Task instructions
Will you return, word for word, only the lines from the top of the data below down to and including the one with "BARNES VOR-TX 6.5 GRND 115GR TTSX BT"?

Data for this task
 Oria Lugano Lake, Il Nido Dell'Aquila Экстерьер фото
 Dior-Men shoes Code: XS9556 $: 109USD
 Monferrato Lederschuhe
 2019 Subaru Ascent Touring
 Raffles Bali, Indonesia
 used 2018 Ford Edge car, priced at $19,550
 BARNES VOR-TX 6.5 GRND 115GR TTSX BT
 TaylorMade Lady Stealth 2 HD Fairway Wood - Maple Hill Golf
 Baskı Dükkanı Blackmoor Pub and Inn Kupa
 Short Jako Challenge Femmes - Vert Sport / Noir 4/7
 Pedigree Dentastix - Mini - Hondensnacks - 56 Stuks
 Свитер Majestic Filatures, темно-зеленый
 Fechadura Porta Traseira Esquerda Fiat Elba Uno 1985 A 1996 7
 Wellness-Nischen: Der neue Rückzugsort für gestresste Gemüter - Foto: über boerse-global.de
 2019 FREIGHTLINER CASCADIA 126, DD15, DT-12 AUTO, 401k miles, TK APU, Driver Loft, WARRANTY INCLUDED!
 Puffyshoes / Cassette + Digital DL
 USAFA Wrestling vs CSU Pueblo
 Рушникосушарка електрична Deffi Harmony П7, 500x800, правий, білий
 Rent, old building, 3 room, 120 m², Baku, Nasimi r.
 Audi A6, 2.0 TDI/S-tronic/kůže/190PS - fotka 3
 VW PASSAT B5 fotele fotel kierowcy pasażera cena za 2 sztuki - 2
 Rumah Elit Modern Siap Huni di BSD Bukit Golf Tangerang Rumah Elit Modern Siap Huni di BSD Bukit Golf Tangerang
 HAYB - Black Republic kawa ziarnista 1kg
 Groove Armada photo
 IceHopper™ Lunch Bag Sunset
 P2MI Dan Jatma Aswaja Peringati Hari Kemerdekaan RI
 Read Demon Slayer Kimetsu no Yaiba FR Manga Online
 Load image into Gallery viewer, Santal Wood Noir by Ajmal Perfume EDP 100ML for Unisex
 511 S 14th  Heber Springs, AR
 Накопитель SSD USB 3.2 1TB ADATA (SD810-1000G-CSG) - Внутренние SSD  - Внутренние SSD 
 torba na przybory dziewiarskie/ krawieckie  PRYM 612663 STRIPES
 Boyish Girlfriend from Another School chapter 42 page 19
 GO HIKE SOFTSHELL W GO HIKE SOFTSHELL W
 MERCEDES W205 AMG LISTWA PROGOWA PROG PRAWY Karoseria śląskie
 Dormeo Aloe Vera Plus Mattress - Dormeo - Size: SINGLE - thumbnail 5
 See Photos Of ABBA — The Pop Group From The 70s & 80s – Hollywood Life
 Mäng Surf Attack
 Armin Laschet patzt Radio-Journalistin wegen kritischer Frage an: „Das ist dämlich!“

Exercise output
 Oria Lugano Lake, Il Nido Dell'Aquila Экстерьер фото
 Dior-Men shoes Code: XS9556 $: 109USD
 Monferrato Lederschuhe
 2019 Subaru Ascent Touring
 Raffles Bali, Indonesia
 used 2018 Ford Edge car, priced at $19,550
 BARNES VOR-TX 6.5 GRND 115GR TTSX BT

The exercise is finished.